- MATERIAL PROVIDED
______
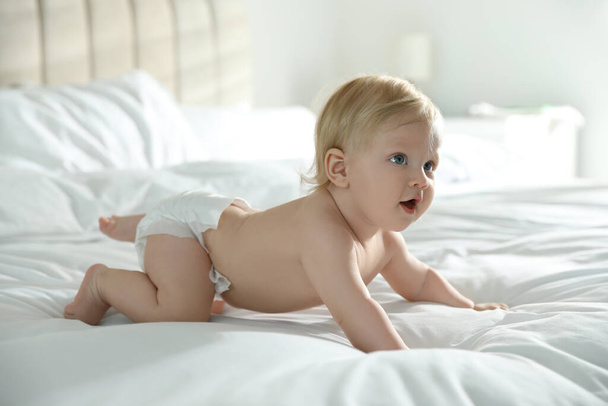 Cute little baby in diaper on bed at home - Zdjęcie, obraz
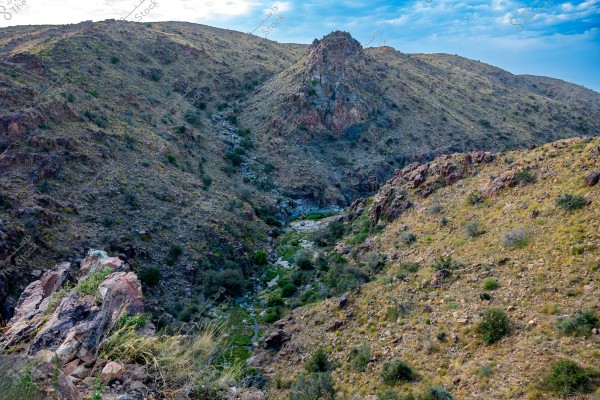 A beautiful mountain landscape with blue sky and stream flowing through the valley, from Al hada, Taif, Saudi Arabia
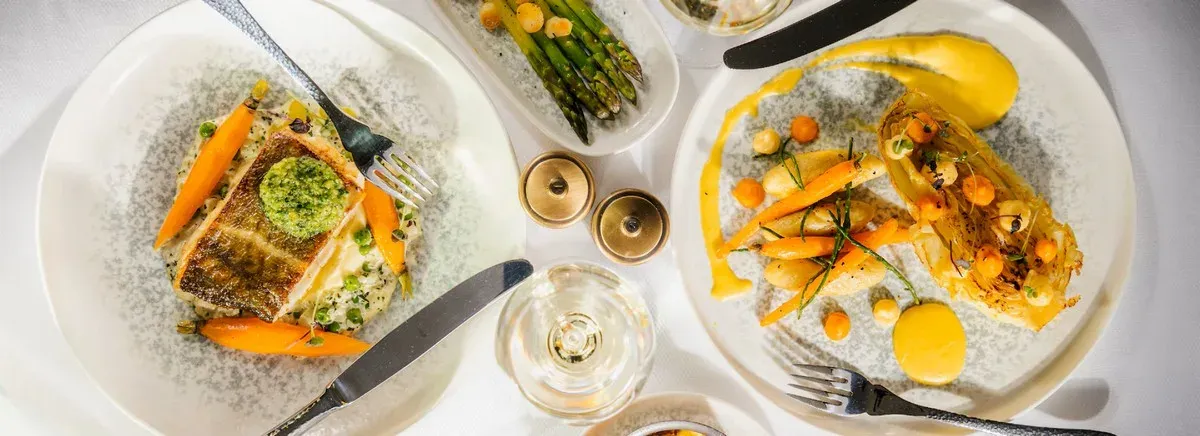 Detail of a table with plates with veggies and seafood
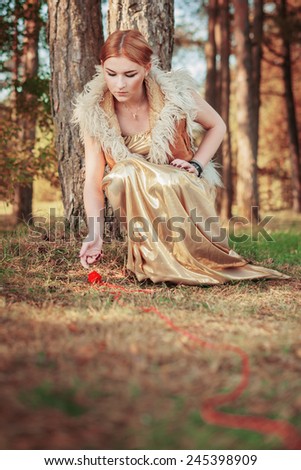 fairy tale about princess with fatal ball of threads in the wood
______
- DESCRIPTION OF THE TASK
The required answer is an exact, picture-free copy of the lines from the opening of the listing above through the line with "Detail of a".

- OUTPUT BELOW
 Cute little baby in diaper on bed at home - Zdjęcie, obraz
 A beautiful mountain landscape with blue sky and stream flowing through the valley, from Al hada, Taif, Saudi Arabia
 Detail of a table with plates with veggies and seafood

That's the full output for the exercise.